As the Python programming language is becoming more and more popular in the fields of machine learning and data science, the objective of the pyts Python package is to make time series classification easily accessible by providing preprocessing and utility tools, and implementations of several algorithms for time series classification.

1.2. Mathematical formulation

A time series is defined as an ordered sequence (x_1,\ldots,x_n). There are two kinds of time series: univariate time series and multivariate time series. Univariate time series have one single feature, that is \forall i, x_i \in \mathbb{R}. Multivariate time series have several features, that is \forall i, x_i \in \mathbb{R}^d, where d is the number of features.

Note that the term features has a different meaning for time series than in standard machine learning: it refers to the different components of a given time series. For instance, a sensor of a GPS navigation device will output a multivariate time series with two features: one feature for the latitude coordinates and one feature for the longitude coordinates.

Most of the literature is focused on univariate time series classification, therefore most of this package is also focused on univariate time series. Nonetheless, we provide tools for multivariate time series in the pyts.multivariate module.

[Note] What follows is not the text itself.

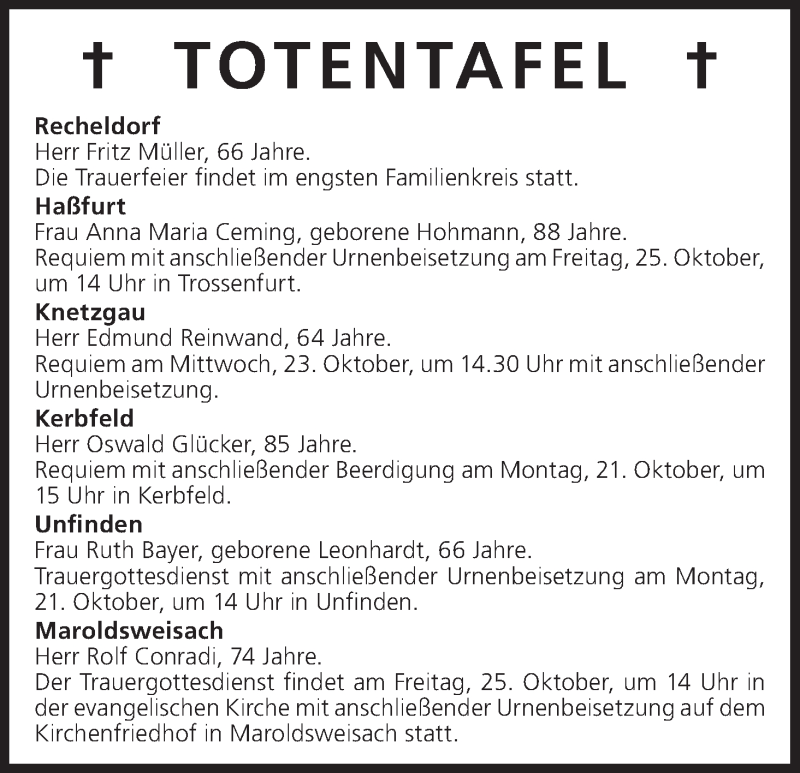  Traueranzeige für Totentafel vom 21.10.2013 vom 21.10.2013 aus MGO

A single label y is associated with a time series. The objective is to predict this label given a time series.

1.3. Challenge: lengths of time series

One important challenge with time series is their number of time points. A dataset of equal-length time series consists of time series that all have the same number of time points. A dataset of varying-length time series consists of time series that may have different numbers of time points.

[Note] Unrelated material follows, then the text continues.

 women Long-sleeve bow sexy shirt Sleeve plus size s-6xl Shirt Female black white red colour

For computational efficiency, most algorithms implemented in pyts can only deal with datasets of equal-length time series. One exception is the pyts.metrics.dtw() function that computes the Dynamic Time Warping score between two time series that may have different lengths. We will try to extend most implementations to datasets of varying-length time series while preserving computational efficiency in the near future.

1.4. Notations

In pyts, we use the NumPy package and more specifically the numpy.ndarray class to represent data.

1.4.1. Input data

The input of a dataset of univariate time series is represented as a two-dimensional array with shape (n_samples, n_timestamps), where the first axis represents the samples and the second axis represents time.

The input of a dataset of multivariate time series is represented as a three-dimensional array with shape (n_samples, n_features, n_timestamps), where the first axis represents the samples, the second axis represents the features, and the third axis represents time.

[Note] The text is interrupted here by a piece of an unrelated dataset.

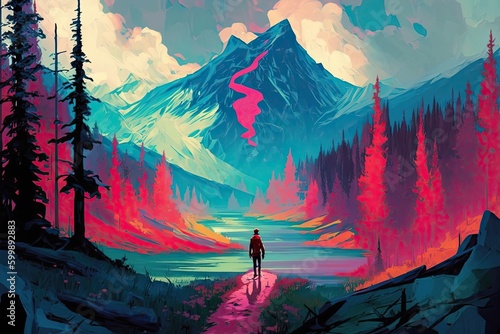 Art design of landscape painting in amazing mountain in the forest. Concept of lifestream colorful magical in beautiful village in natural background. Glorious generative AI. photo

The name of this variable is usually X, X_train, or X_test if cross-validation splits have already been performed.

1.4.2. Output data

The set of labels is always represented as a one-dimensional array with shape (n_samples,). The name of this variable is usually y, y_train, or y_test if cross-validation splits have already been performed.

References

  • C. R. Harris et al., “Array programming with NumPy”. Nature, 585(7825), 357-362 (2020).